A outra indicação é a hormese, que significa "colocar em movimento". As pessoas se tornam mais resilientes ao serem expostas à dor. Assim, é preciso procurá-la para, por meio da balança, aumentar a dopamina. Como não há estado de déficit de dopamina, não haverá o ciclo de desejo. Portanto, é preciso procurar coisas difíceis e dolorosas para reiniciar o caminho da dopamina. Há, porém, resistência — como no caso do exercício físico.

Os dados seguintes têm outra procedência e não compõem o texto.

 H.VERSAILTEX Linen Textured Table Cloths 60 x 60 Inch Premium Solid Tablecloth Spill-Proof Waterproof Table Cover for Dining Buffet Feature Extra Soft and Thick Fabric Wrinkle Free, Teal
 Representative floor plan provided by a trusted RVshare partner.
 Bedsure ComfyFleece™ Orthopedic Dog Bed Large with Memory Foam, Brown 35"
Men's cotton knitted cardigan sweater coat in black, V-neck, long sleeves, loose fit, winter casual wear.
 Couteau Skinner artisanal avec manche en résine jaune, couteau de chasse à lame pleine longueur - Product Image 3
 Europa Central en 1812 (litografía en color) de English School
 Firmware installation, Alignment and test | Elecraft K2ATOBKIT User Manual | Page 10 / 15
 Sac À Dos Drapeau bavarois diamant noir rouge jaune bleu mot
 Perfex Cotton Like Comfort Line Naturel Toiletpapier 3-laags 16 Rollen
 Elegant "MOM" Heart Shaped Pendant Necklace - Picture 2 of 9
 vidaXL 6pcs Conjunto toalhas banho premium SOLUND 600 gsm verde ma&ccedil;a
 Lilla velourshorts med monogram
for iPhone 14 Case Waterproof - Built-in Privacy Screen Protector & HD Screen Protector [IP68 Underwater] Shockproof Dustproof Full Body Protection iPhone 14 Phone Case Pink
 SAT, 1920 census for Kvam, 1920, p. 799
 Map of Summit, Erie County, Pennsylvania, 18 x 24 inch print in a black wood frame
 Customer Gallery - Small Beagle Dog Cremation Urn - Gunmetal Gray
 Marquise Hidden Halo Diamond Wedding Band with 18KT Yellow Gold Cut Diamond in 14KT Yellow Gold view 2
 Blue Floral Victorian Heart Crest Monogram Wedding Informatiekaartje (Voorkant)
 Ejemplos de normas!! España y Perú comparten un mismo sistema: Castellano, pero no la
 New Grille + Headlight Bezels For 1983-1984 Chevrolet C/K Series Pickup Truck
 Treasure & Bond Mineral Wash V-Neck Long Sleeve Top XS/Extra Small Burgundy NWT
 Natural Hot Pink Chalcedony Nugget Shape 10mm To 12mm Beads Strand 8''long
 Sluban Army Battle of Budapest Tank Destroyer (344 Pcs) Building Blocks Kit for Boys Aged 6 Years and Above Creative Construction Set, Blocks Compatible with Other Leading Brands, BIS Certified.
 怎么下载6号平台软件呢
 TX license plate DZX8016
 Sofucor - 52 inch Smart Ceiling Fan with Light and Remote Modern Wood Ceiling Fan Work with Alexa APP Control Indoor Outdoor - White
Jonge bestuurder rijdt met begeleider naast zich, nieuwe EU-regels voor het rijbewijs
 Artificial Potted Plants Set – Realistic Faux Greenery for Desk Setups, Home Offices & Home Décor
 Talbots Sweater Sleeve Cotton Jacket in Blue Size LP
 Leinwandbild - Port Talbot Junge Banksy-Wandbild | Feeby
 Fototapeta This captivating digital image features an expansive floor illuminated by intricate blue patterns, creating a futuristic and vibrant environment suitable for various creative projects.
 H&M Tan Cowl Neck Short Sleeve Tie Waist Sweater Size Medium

Um alerta, entretanto, é necessário: evitar procurar o prazer e a dor em excesso, o que pode levar ao estresse biológico, fugindo, também, da homeostase.
A psiquiatra trouxe exemplos de ações que envolvem a hormese: fazer exercício, estar na natureza, dizer "sinto muito", caminhar ou andar de bike.
— Eu acredito que o vício é semelhante à praga moderna, e é um dos maiores problemas sociais com os quais lidaremos pelos próximos milhares de anos — finalizou Anna, convocando sociedade, comunidade, corporações e governos a se unirem para enfrentar esse cenário.